Nintendo Shares Dive by 5% After Launch of Super Mario Run

| Dec 16, 2016

Super Mario Run, Nintendo’s first official mobile game, was released only yesterday, but the company’s shares have already suffered from a significant drop since the title’s launch.

Sky News reports that Nintendo’s shares dropped by 5% on the 15th December, knocking approximately $2 billion dollars off of their market value in Tokyo today. Partner DeNA Co., the company which helped Nintendo develop the title, also took a hit, with a reported drop in shares of 6.8 percent.

This is despite the fact that Super Mario Run is already the highest grossing app in 14 countries, and the top download on the App Store in 68, according to SensorTower. The game was made available on IOS devices across the globe yesterday, and early reviews have been largely positive.

While the initial three levels of Super Mario Run are available for anyone to try out for free, unlocking the full game costs $9.99, which may explain the lack of confidence from Nintendo’s shareholders. The title is also unavailable for Android devices, and requires users to be constantly connected to the internet in order to play.

The game’s official page on the App Store is currently replete with one star user reviews, largely complaining about the unexpected paywall required to unlock the remaining 21 levels.

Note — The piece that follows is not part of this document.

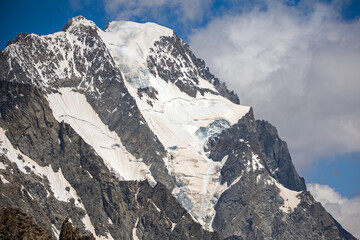 view of a small melting glacier covered with snow and brown sahara dust on the mont blanc in summer...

Speaking to MCV, Niko Partners analyst Daniel Ahmad explained that “The upfront cost is something rarely seen in mobile games today that are targeting a large player base, as Nintendo clearly is through the promotions on the app store and use of their most popular mascot. The spending cap is certainly being seen as an obstacle stopping Nintendo from generating revenues as high as Pokémon Go back in July.”

It remains to be seen whether enough players are willing to invest in Super Mario Run’s uncharacteristically high asking price, but this recent news certainly doesn’t bode too well for Nintendo’s first foray into mobile gaming.